電力・ガスセクターの注目点は株主還元であり、増配動向が気になるところです。セクターとしてみると、2023~2024年にかけての増配動向が過去の推移と比べて強いことが分かります。


 ただし、こうした背景からか、昨年前半にかけては株価が急騰し、配当利回りが2%を下回るまで低下したことから、割高感が高まり、この1年間は株価が低迷していることも確認できます。ある程度調整が進んだので、この先どうなるかを探ってみましょう。

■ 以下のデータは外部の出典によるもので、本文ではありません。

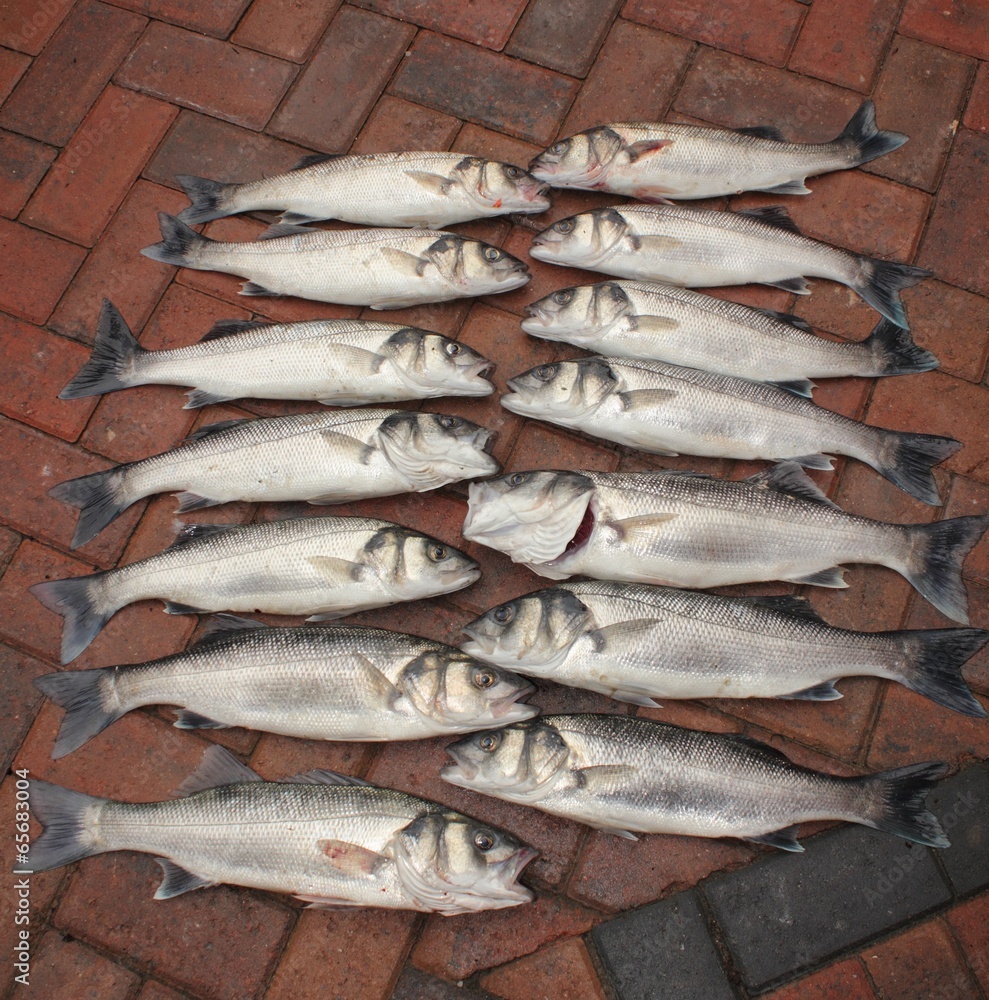 Obraz premium Fresh rod caught sea bass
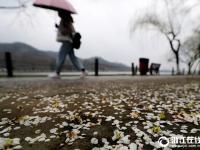  杭州：雨后梅花落滿地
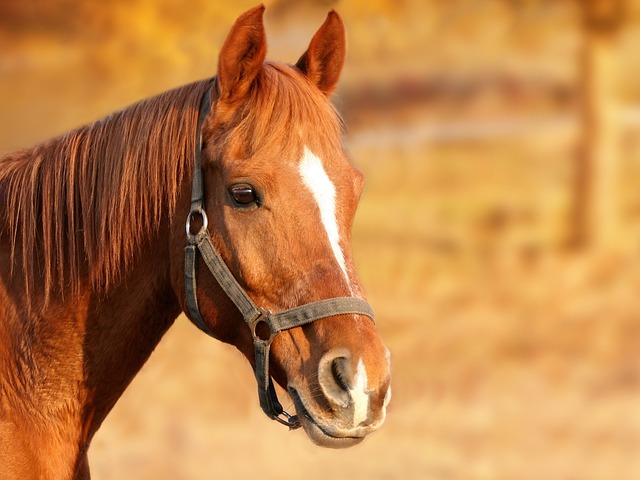 horse-1201143_1280 Chiemsee2016_Pixabay(1)
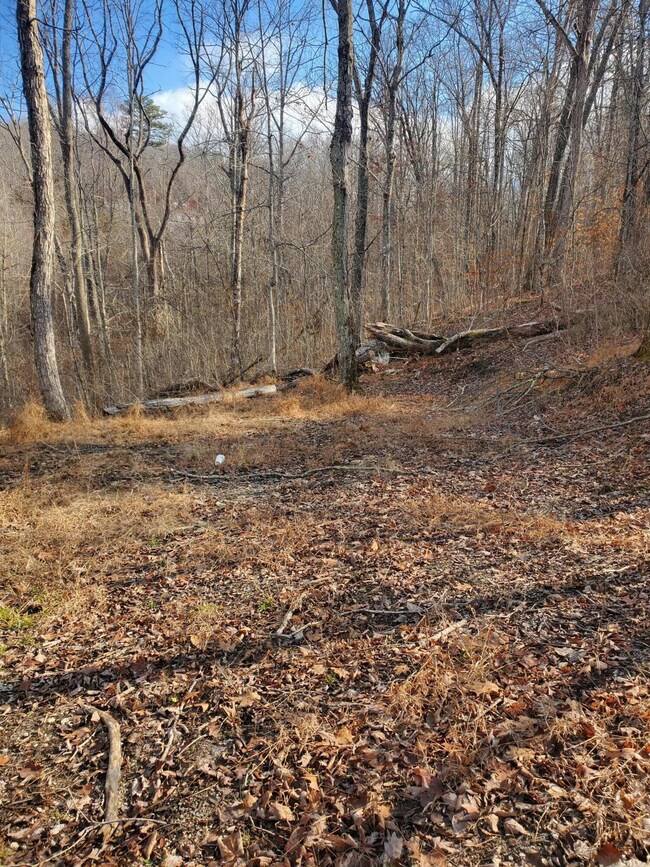 129 Buckeye Dr, Burnside, KY 42519 - photo 3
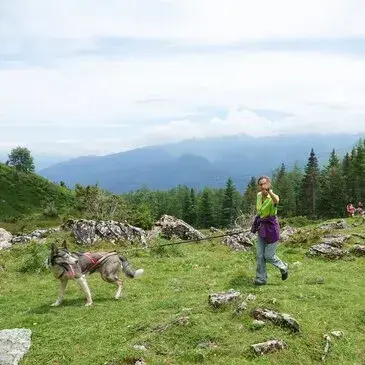 Randonnée en Cani-Rando au Val d'Azun Randonnée en Cani-Rando au Val d'Azun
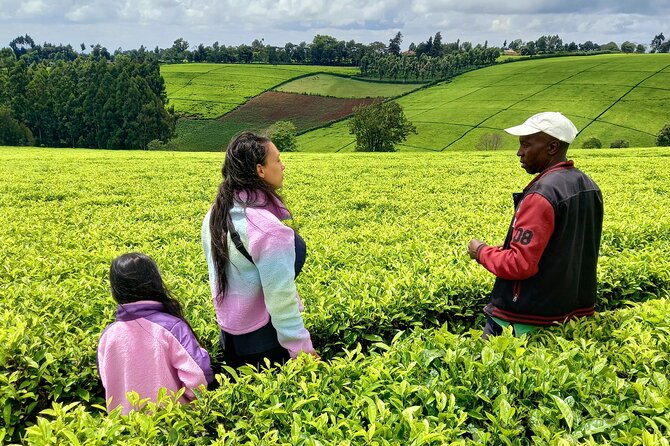 Riara tea farm tour with lunch and tea tasting from Nairobi - Lunch after the farm tour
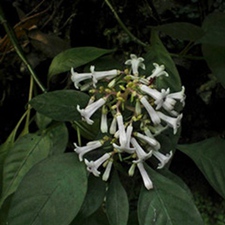 蛇根草(四季花、雪里开花(《浙江民间草药》)，雪里梅(《浙江民间常用草药》)。)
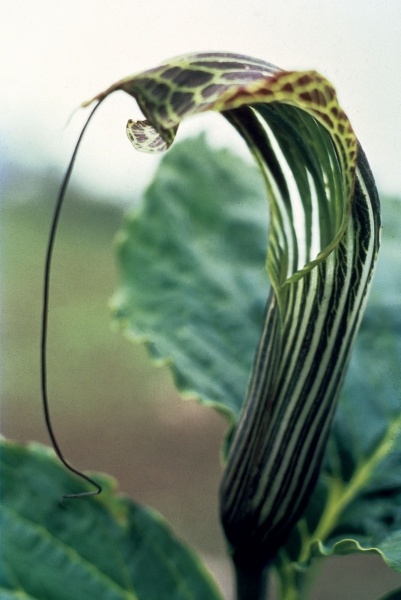 Wallich''s Snake Lily (Arisaema propinguum Schott) (photo)  od 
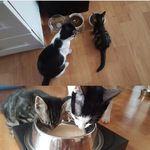 [고양이] 형이 된 코<b>복이</b>를 소개합니다: D 6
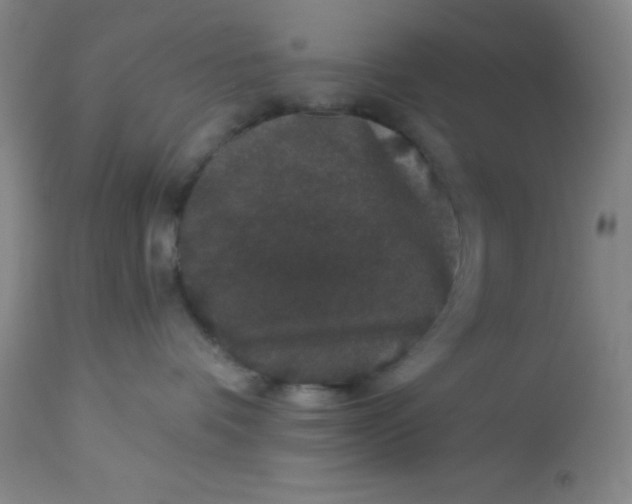 X0000113630336200910091601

[図表1]TOPIX-17電力・ガスセクターの指数、1株当たり配当総額、配当利回りの推移
最割安の「電力・ガス」セクターの今後を探る
期間:2015年1月5日~2025年3月10日、日次※グラフを見やすくするために1株当たり12カ月配当総額は約50倍にしています(この期間の平均配当利回りが約2.2%なため)。(出所)Bloombergのデータを基に野村アセットマネジメント作成

2.代表的な電力・ガス企業の財務内容は改善中、ガス会社の財務内容が特に良好

 ひと口に電力・ガスセクターといっても、電力とガスセクターでは業界がかなり異なります。関西に地盤を置く代表的な電力・ガス会社(関西電力と大阪ガス)の財務内容を見てみましょう。

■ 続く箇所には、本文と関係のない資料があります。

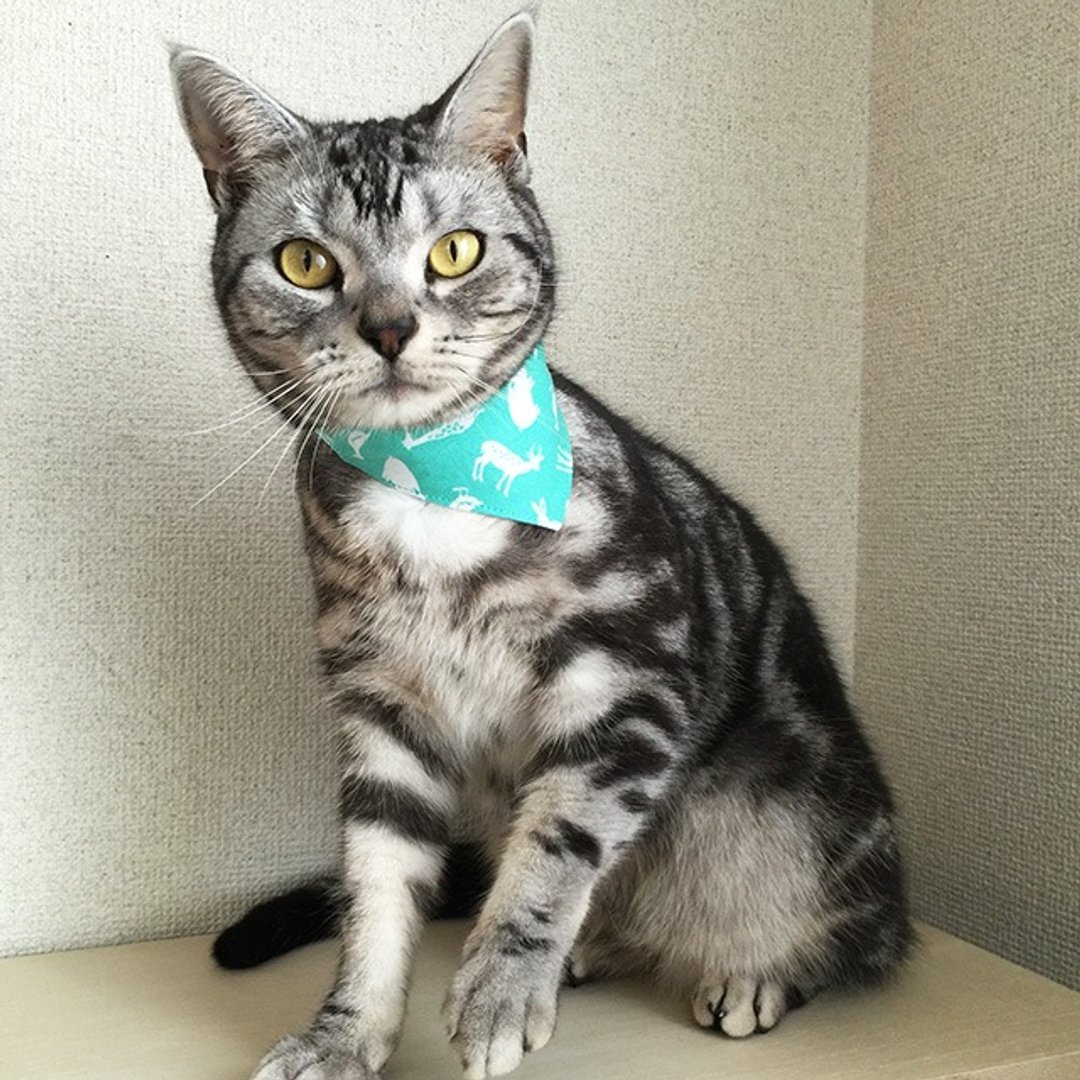 Animal Pattern Light Green / Bandana Style Collar for Cats with Corner Ring - 衣/帽 - 棉 绿色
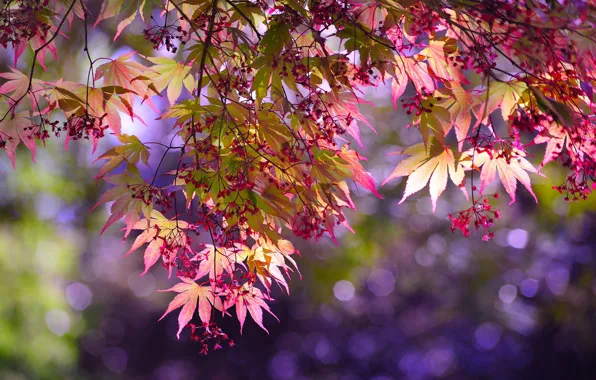 Leaves, branches, nature, tree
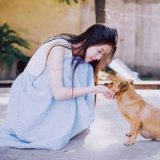 无爱意，单身皆可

 図表2で過去5年間の両社の財務諸表を見ると、関西電力も大阪ガスも負債比率が低下して純資産比率が上昇しています。特に大阪ガスの財務内容が順調に改善している様子がうかがえ、2社比較では、同社の純資産比率が相対的に高い(負債比率が低い)ことが分かります。


 財務内容に余裕があれば株主還元もしやすくなるので、両社ともに株主還元強化への期待が持てるほか、大阪ガスについて相対的に高い期待が持てそうです。


[図表2]関西電力と大阪ガスの財務比較
最割安の「電力・ガス」セクターの今後を探る
関西電力の財務諸表

最割安の「電力・ガス」セクターの今後を探る
時点:2020年3月期~2024年3月期、年次(出所)Bloombergのデータを基に野村アセットマネジメント作成

3.電力・ガスセクターの上位銘柄の多くは、増配基調を継続中

 関西に地盤を置く関西電力と大阪ガスをピンポイントで取り上げてみましたが、その他の銘柄も配当動向を見てみましょう。


 図表3は、NEXT FUNDS 電力・ガス(TOPIX-17)上場投信の2月末時点の組入上位6銘柄の配当動向の推移です。6銘柄に絞った理由はこれらの6銘柄で時価ウエートが合計で75%程度と大半を占めるからです。


 このグラフでも大阪ガスの増配動向の強さが分かりますし、同業の東京ガスも良好と、ガス会社の優位が目立ちます。

やはり、財務内容の良さが増配を後押ししているようです。


 また、中部電力や関西電力などの電力各社も増配傾向にあり(東京電力のみ無配継続中ですが)、今後の予想も増配となっていることから、過去1年程度で株価調整が進んで割高感が解消された現状は、株式市場でも注目を集めそうです。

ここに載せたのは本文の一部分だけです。